• **WHAT TO PRODUCE**
Pictures excluded, reproduce exactly the lines below from the one with "pol_pl_konges_slojd_Bluza_LOU__LOU_SWEATSHIRT_-_SHITAKE (4).webp" through the one with "Paya - 1 Bedroom", both included.

• **TASK MATERIAL**
____________________

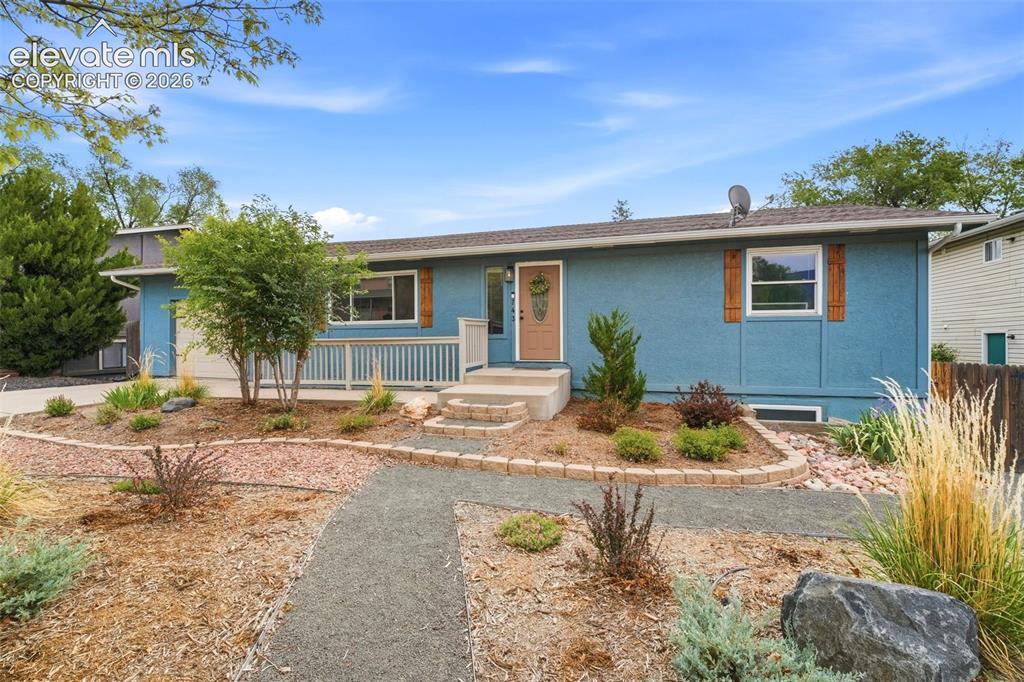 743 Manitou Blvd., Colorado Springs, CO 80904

____________________

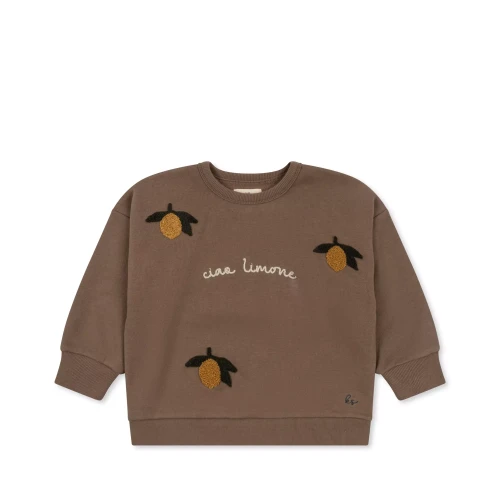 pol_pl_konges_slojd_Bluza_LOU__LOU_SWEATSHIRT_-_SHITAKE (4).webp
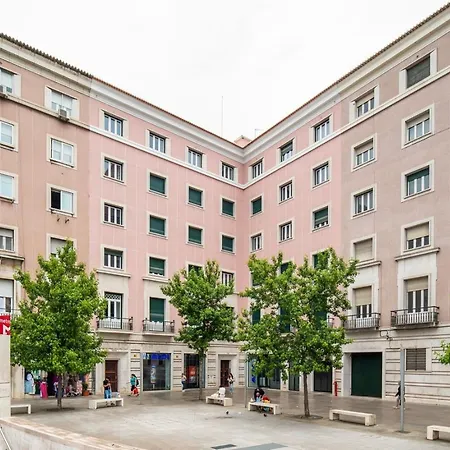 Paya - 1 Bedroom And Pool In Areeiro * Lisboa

____________________

• **EXPECTED OUTPUT**
 pol_pl_konges_slojd_Bluza_LOU__LOU_SWEATSHIRT_-_SHITAKE (4).webp
 Paya - 1 Bedroom And Pool In Areeiro * Lisboa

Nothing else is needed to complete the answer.